— Stored data —
↓
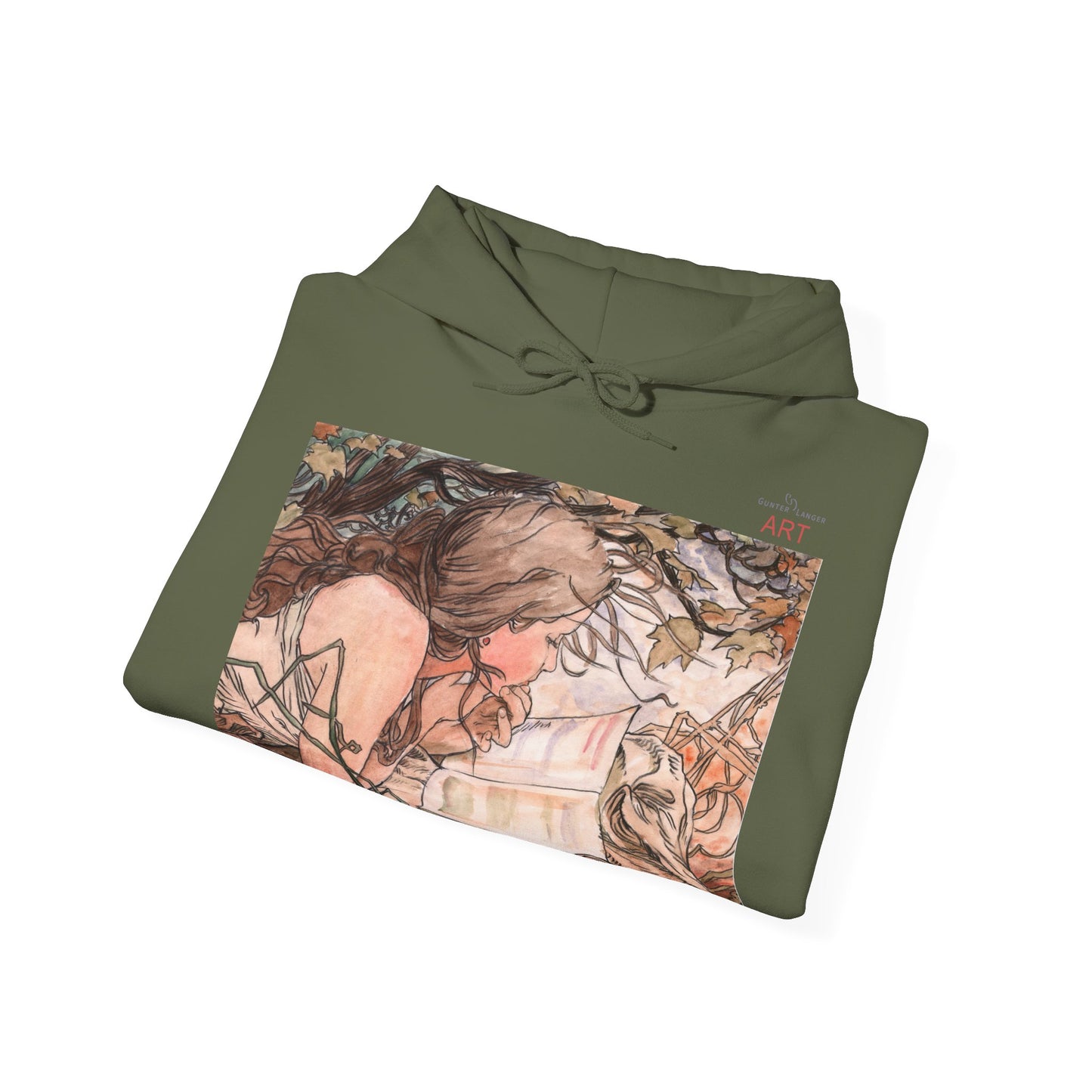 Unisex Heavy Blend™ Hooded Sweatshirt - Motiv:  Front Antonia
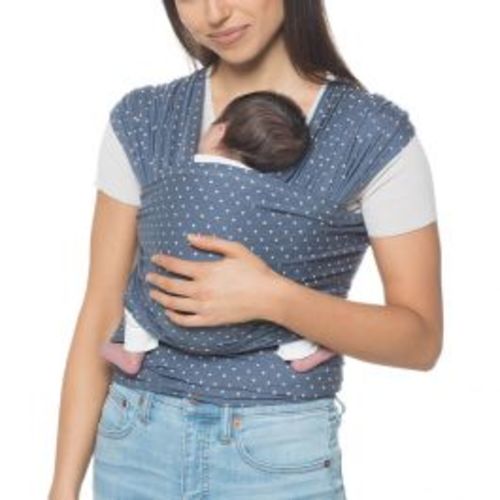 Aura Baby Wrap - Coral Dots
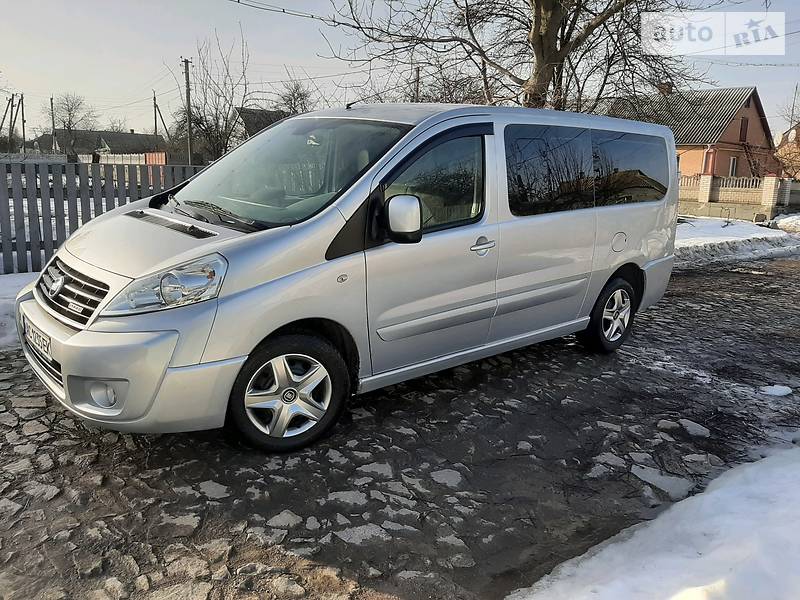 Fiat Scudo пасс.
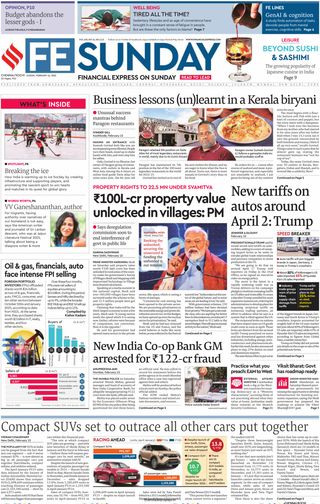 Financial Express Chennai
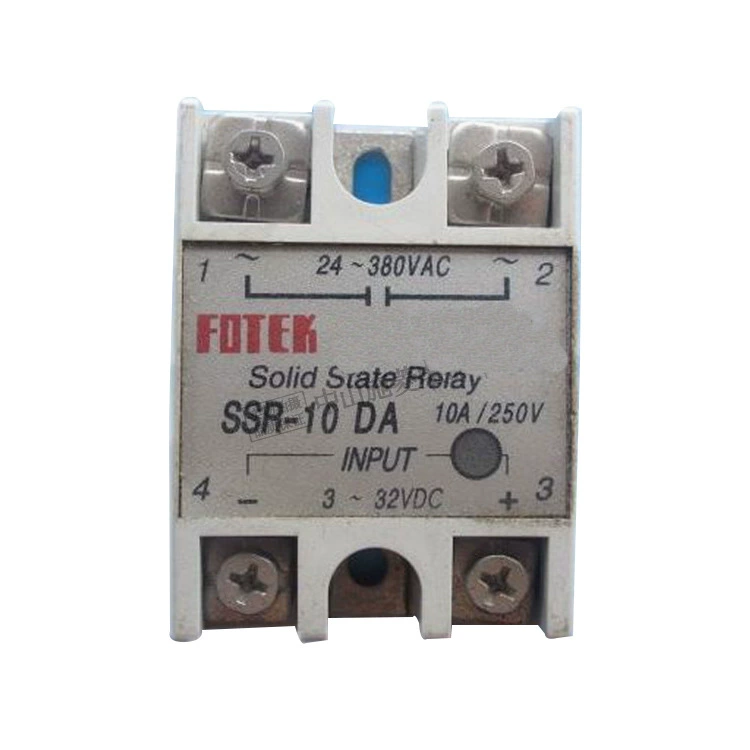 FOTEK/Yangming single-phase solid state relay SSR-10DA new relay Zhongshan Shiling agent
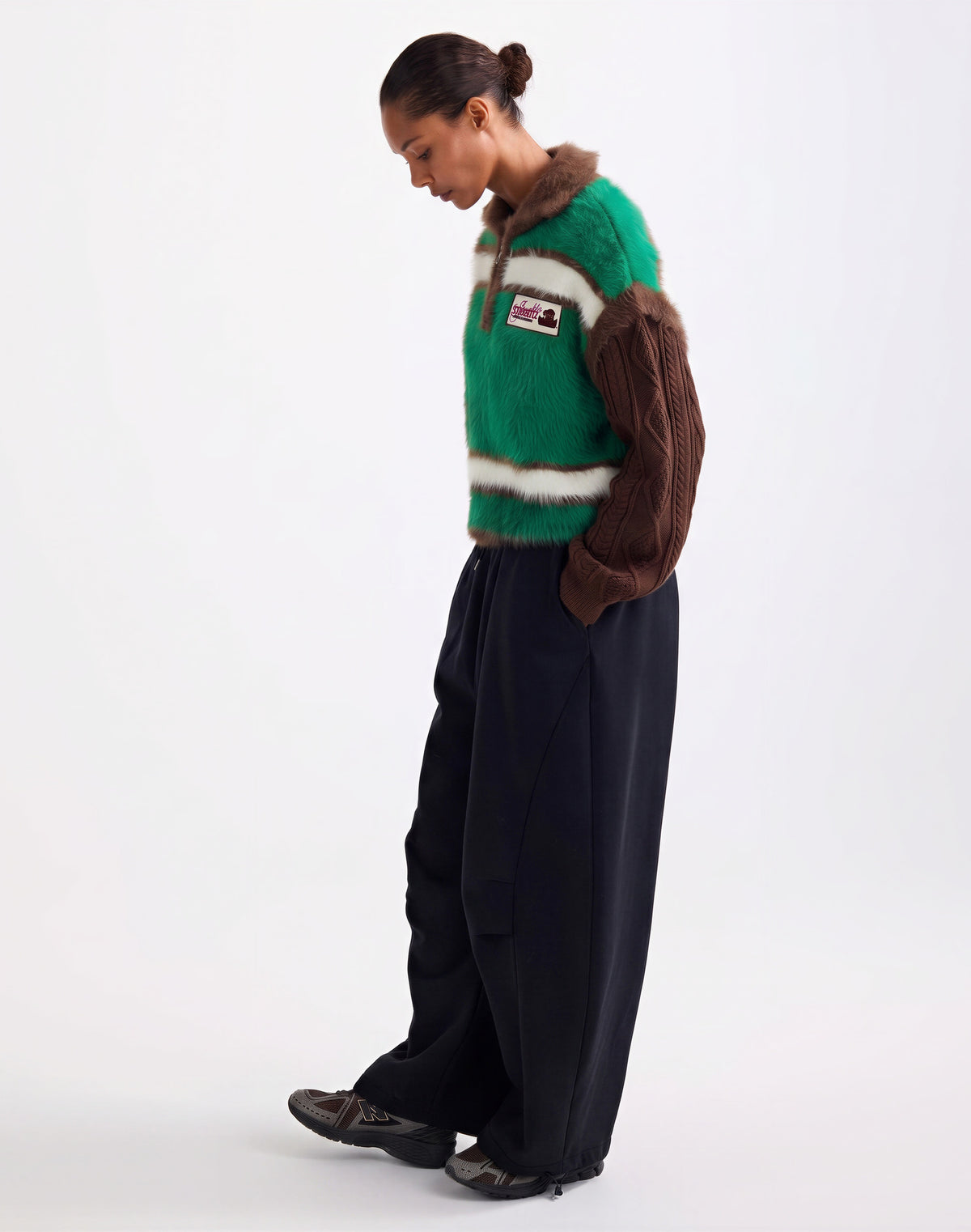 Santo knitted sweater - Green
↑
— Work instruction —
Could you set down every record above exactly as written, leaving out the pictures?

— Written answer —
 Unisex Heavy Blend™ Hooded Sweatshirt - Motiv:  Front Antonia
 Aura Baby Wrap - Coral Dots
 Fiat Scudo пасс.
 Financial Express Chennai
 FOTEK/Yangming single-phase solid state relay SSR-10DA new relay Zhongshan Shiling agent
 Santo knitted sweater - Green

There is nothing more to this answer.